Sharing with intent for reuse
I’ve posted all of my photos with a simple Creative Commons license – for years, I stuck to a clean Creative Commons Attribution license, and only recently adjusted to a slightly more restrictive Creative Commons Non-Commercial license. I’m happy to hear about people finding uses for my photos. As a result of this open sharing, they’ve been published in books, magazines, used on stage in a ballet, turned into paintings, and posted to literally countless websites (I used to try to keep track, but gave up).
I view reuse as a secondary outcome – I’ve never posted specifically for reuse. I dabbled with shooting photos for microstock – those photos were intended for reuse – but that wasn’t fun, as I felt like I was shooting photos that someone else might want. Which is fine, but not something that I find enjoyable. And the microstock system must have picked up on that, as I made a whopping $3 or so, which will be paid out in about 100 years, as they only cut cheques if the balance is over $100.
So, reuse isn’t really a reason I post photos online.
Sharing with friends
On Flickr, the single page I spend the most time on is the “Contacts” page – where I can see at a glance what my friends have posted recently. It’s a fantastic way to see what Alan’s doing on his road trip, where on earth Kris the Lumberjack Photographer is this week, what amazing places Duncan has wound up today, and what a bunch of local photographers are up to.
But not everyone I care about has a Flickr account, so the Contacts page is incomplete. I also get to check Facebook, to see what the non-Flickr-but-still-Facebook crowd is up to. And monitor Twitter to see what the Twitpic-YFrog-Instagram crowd is up to. As a result, I’ve been finding myself spending more time off-Flickr.

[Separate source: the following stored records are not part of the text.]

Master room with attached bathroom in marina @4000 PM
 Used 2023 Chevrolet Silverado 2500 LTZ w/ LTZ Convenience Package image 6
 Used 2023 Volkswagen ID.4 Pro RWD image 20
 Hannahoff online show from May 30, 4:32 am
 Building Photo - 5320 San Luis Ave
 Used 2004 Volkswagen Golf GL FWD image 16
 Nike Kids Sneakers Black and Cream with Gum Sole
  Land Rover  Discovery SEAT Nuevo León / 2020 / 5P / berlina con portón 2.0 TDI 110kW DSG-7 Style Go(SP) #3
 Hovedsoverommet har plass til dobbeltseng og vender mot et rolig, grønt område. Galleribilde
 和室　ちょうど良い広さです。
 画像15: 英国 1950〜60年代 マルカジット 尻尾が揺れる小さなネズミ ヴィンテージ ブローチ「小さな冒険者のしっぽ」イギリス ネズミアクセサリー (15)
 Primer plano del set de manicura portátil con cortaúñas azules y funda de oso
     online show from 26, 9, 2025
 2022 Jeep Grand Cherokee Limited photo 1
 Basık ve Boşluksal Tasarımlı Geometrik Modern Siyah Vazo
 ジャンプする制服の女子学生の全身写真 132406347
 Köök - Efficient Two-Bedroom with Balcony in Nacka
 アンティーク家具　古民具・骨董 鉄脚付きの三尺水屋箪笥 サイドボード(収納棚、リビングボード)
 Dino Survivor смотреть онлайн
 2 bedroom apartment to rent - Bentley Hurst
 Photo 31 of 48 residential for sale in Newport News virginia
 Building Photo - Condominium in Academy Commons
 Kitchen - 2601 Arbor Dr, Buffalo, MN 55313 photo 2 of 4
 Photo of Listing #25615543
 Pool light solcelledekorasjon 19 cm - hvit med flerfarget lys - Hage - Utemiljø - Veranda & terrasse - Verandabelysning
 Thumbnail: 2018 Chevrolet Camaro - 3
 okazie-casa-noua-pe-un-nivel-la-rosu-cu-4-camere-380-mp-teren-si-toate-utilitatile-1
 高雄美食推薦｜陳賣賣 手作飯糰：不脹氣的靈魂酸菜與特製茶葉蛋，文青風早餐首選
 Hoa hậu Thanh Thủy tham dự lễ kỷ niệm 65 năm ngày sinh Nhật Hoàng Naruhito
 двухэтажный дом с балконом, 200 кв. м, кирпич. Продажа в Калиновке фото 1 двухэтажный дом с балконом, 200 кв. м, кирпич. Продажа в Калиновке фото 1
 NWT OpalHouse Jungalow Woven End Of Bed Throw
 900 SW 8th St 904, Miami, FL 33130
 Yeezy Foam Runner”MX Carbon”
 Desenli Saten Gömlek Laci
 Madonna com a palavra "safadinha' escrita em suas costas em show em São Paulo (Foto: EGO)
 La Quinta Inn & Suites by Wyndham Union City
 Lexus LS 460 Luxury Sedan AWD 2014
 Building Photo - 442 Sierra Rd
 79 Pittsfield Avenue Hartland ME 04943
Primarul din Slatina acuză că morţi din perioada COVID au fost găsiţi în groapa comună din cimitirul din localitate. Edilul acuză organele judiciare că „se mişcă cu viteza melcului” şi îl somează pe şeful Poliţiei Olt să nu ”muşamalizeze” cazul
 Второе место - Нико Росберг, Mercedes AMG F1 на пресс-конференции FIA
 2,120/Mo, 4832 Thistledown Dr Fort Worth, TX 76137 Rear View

Lately, I’ve been posting “ephemeral” photos to a photoblog. It’s where I post fleeting photos about what I’m doing. It pumps updates out to Twitter, and has an RSS feed. This feels like it solves the “Sharing with friends” side rather nicely, for me, anyway.
I had been posting my daily photos to another photoblog since January 2008. I started doing it as a more formal way to show the daily photos (which were also being posted to Flickr) and as an additional way to keep myself motivated to shoot daily. But, since they’re daily photos, many really suck photographically. Not really website-showcase material. And since I’m not really getting feedback or critique (I’d even disabled comments on that photoblog a few months ago), it’s not doing much.
So, it seems as though sharing with friends is the only reason I’m posting photos online lately.
What triggered this post was our return from a week-long vacation in the Shushwap region in BC, houseboating and camping. I shot lots of fun photos documenting the trip, and posted a few of them live to the ephemeral photo blog (and would have posted several more, but the cell network in the Shushwap region is spotty). After returning home, I imported them all from my phone (my PHONE! I didn’t even bring the DSLR), and did the usual filter/stack/metadata routine. And then realized I just didn’t feel like posting them to Flickr. Nor to the photoblog. I was happy just having the photos. I’d already shared the moments with my friends via the ephemeral media blog and twitter. So, posting the photos wouldn’t really have added anything.
This isn’t a big drama-laden post. I’m just thinking this through. I’m not deleting any accounts or blogs. I’m not doing anything drastic. But I need to get my head around what I’m wanting to do, and why, and with whom. The endless posting of photos has lost my interest. It feels like a pointless activity at best, and a delusional exercise in self gratification at worst. Neither sound very interesting to me. So, I’ll just pause for now. Looks like I’m still posting ephemeral photos. For some reason, that’s fun while the other photo-posting has worn off.